First of all, resignation from a political party only carries significance when the individual has genuinely participated in the party’s activities, structures, and policy direction. Amelia’s time in the SPLM, not really if she was, was defined by opposition and hostility from the very beginning. Therefore, her so-called resignation means absolutely nothing to the SPLM as a party or as a movement.

This narrative is not new, “I was born in the war” and so forth. Almost an entire generation of South Sudanese was born in war, raised in war, and forced to mature under hardship, better you who took refugee in the West. The liberation struggle was sustained by sacrifice, discipline, and commitment—not by spectators. The SPLM was built by those who showed up, not by those whose fathers were killed by alcohol, not by those who stood on the sidelines and later claim moral authority.

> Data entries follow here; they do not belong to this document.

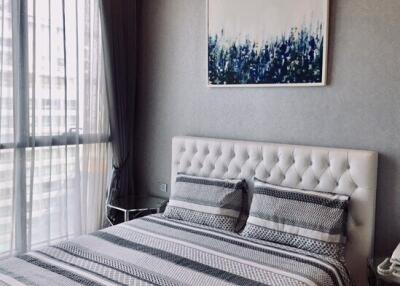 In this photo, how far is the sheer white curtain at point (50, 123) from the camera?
9.58 feet

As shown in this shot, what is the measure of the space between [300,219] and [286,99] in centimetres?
92

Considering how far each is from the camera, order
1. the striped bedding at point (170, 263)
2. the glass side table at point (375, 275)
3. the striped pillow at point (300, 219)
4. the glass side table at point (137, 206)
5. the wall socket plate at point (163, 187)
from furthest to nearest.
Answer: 1. the wall socket plate at point (163, 187)
2. the glass side table at point (137, 206)
3. the striped pillow at point (300, 219)
4. the glass side table at point (375, 275)
5. the striped bedding at point (170, 263)

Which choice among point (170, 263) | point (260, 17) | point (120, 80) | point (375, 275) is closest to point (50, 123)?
point (120, 80)

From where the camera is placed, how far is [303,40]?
2.79m

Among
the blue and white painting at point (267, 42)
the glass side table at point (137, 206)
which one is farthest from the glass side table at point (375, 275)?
the glass side table at point (137, 206)

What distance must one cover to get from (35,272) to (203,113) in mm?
1869

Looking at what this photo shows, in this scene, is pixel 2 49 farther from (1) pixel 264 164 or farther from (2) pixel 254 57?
(1) pixel 264 164

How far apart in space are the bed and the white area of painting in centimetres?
85

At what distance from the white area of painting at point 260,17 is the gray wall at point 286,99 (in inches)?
5.2

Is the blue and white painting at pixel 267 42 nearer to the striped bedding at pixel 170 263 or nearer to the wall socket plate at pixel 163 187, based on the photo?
the wall socket plate at pixel 163 187

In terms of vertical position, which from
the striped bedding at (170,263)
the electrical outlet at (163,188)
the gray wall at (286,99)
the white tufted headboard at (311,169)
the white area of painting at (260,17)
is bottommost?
the striped bedding at (170,263)

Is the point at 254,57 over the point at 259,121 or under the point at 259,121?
over

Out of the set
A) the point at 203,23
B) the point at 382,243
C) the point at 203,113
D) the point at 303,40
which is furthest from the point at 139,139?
the point at 382,243

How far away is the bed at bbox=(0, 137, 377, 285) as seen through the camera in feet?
6.87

The SPLM remains a broad, inclusive party with enough political space for all committed South Sudanese. What Amelia is now chasing is the UPA, a political formation created by disgruntled former officials who abandoned their responsibilities and later reinvented themselves as “agents of change.” Paul Malong served in government, failed to respect his constitutional mandate, exited, and then chose rebellion. That is not renewal; it is political recycling of failure. The fact that such a party has been run for years by one individual without internal democracy says everything.

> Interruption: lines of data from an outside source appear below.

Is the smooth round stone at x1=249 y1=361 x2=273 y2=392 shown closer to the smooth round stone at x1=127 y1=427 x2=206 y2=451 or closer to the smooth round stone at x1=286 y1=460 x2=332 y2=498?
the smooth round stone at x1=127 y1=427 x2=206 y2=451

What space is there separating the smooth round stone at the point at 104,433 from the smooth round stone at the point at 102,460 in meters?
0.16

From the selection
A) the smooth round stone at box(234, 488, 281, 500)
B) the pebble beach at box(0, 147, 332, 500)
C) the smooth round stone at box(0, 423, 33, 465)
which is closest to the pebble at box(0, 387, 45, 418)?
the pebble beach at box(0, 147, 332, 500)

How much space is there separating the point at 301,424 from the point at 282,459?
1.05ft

President Salva Kiir Mayardit remains the pillar of peace, stability, and national destiny. South Sudan does not need chaos merchants or recycled political faces who already had their chance and destroyed trust. The country needs disciplined leadership that works with the President to deliver tangible results for the people—not desperate attempts to drag the nation backward.

Leadership renewal is already happening, not in exile politics or armed opposition camps, but inside institutions where young South Sudanese are stepping up across government and public service. That is the real future of this country.

In truth, Amelia Amou Aurelia Abiem’s political outbursts are driven by bitterness and political envy. Watching her peers serve in government while she remains on the margins has clearly unsettled her. Instead of rising through contribution, she has chosen the cheap route of character attacks, obsession with personalities, and reckless attempts to link individuals to the First Family—issues that have no relevance to governance.

The SPLM will move on without her. South Sudan will move forward without her noise. History rewards builders, not complainers, and not even rebels.